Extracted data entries
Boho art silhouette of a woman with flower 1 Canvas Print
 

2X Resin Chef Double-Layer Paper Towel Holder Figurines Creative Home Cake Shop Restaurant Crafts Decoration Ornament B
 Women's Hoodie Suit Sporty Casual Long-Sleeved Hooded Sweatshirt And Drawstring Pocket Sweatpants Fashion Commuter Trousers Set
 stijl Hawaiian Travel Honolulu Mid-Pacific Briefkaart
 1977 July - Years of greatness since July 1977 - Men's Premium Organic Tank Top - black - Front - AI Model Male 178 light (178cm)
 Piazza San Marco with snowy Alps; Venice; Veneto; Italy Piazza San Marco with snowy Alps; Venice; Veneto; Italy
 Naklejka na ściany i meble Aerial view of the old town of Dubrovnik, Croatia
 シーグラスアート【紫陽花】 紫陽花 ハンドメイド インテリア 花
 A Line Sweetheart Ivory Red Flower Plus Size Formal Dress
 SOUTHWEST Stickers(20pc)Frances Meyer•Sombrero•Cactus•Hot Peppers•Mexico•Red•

[Work instructions]: Return, from the data, each line that has the word "with" in it.

[Completed task]:
Boho art silhouette of a woman with flower 1 Canvas Print
 Piazza San Marco with snowy Alps; Venice; Veneto; Italy Piazza San Marco with snowy Alps; Venice; Veneto; Italy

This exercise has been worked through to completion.